MOSCOW, July 03. /ITAR-TASS/. The EU countries are considering a halt on financing for projects in Russia as they seek to widen the scope of sanctions aimed at ending the conflict in Ukraine, two EU government officials said, Bloomberg reported on Thursday.

EU governments are considering different scenarios to stop new project funding for Russia made by the European Bank for Reconstruction and Development (ERBD) and the European Investment Bank (EIB), according to the two officials, who asked not to be named because of the sensitivity of the plans.

Russia is the biggest recipient of project-financing by the London-based EBRD, receiving €1.8 billion in investments last year. Recent projects include a loan for pipeline valves; buying a minority stake in a property developer; and a loan to a supermarket chain. The EIB signed loans worth about $1.4 billion in Russia in 2013.

EU leaders said “they would take the necessary decisions, among which would be sanctions” to promote talks aimed at resolving the Ukraine conflict, European Council President Herman Van Rompuy told the European parliament yesterday in Strasbourg, France. “We are doing this so these negotiations can be carried out.”

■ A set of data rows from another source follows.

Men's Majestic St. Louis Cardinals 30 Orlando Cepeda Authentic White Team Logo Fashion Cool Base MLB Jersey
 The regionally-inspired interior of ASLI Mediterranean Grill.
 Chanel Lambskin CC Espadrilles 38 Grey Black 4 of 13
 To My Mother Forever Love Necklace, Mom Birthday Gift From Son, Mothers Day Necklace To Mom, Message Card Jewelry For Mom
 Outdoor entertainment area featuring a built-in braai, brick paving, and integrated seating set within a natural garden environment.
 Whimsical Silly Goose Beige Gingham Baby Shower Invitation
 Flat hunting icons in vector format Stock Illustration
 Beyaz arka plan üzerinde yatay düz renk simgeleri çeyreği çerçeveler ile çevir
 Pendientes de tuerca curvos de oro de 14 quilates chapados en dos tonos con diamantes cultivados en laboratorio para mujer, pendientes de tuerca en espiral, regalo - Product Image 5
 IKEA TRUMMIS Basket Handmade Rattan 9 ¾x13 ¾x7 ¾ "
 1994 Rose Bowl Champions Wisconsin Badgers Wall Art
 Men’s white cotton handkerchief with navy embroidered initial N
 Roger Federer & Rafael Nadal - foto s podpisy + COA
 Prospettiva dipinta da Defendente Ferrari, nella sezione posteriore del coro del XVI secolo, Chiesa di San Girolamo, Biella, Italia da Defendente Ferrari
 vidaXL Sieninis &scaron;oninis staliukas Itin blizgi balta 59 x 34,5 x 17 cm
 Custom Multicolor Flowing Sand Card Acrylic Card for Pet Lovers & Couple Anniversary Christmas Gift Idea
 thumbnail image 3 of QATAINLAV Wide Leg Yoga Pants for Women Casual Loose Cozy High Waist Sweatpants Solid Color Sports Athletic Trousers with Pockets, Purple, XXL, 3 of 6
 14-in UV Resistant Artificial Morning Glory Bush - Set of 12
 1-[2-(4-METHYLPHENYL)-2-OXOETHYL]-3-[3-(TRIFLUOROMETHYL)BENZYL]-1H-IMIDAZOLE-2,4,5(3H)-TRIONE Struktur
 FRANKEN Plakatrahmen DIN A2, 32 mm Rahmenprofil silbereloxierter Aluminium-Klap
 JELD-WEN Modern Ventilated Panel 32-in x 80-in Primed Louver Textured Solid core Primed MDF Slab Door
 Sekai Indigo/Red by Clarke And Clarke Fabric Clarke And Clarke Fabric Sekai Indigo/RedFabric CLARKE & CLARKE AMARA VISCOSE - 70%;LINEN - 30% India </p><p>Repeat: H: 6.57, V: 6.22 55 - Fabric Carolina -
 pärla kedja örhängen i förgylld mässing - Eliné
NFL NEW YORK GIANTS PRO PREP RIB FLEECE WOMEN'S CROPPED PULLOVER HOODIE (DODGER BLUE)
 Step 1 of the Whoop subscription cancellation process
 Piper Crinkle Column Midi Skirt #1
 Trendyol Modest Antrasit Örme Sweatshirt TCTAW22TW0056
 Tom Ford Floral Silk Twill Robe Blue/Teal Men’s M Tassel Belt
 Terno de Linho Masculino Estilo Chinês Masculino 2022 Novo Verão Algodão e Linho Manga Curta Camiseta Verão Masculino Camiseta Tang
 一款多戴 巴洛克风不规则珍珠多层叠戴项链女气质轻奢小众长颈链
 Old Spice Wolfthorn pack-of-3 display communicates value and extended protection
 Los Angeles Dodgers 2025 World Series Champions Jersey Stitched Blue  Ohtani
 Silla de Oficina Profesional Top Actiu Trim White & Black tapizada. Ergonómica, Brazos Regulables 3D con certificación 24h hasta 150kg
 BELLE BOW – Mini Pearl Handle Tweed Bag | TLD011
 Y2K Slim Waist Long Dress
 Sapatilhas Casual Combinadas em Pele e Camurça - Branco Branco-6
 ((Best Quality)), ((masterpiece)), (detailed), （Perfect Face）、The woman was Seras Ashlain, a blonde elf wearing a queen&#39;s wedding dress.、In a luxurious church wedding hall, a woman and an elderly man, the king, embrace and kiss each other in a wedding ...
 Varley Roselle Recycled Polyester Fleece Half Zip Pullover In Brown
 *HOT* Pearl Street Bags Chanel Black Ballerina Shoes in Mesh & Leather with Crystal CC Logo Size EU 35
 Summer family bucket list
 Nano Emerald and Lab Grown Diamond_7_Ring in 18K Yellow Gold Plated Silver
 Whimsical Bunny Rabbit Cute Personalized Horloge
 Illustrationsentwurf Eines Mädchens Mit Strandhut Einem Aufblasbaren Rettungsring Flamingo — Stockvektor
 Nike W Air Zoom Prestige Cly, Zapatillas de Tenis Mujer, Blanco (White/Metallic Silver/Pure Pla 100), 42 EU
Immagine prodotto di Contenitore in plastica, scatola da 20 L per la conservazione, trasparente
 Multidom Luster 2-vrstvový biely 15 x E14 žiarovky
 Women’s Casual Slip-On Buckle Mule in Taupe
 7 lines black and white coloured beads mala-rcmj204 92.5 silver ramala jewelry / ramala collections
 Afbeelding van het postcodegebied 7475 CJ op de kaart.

The EBRD, which invests about €9 billion a year from Mongolia to Morocco, has been at the center of a tussle over its collaboration with the Kremlin since Crimea joined Russia in March, with the US and some fellow G7 partners pressing for an examination of the bank’s role in Russia.

“As long as Russia continues to illegally occupy Ukraine, there can be no 'business as usual',” Canada’s government said in a statement at the EBRD’s annual meeting in Warsaw in May.

 

Majority Stake

While curtailing lending from the Brussels-based EIB would pose few problems since the bank is owned and controlled by the 28 EU governments, influencing EBRD policy is trickier as other countries, including Russia, have stakes in the bank, said one of the officials. Still, EU governments sit on the board that approves projects, giving them the necessary clout, the official said.

The US has a 10% stake in the EBRD, with each of the other G7 countries holding 8.5% each. That gives the US and Canada plus European G7 countries a majority of 52.5%, compared to Russia’s stake of 4.05%.

The EBRD, owned by 64 countries, the EU and the European Investment Bank, was created in 1991 to invest in former communist countries from the Balkans to central Asia to help them transform their economies. The bank expanded its geographical scope to include nascent democracies in North Africa and the Middle East in 2011.

“The European Investment Bank, as an EU Bank, acts in full accordance with the EU positions,” Dusan Ondrejicka, a spokesman at the Brussels-based EIB, said in an e-mail. The EBRD declined to comment on sanctions when contacted by phone.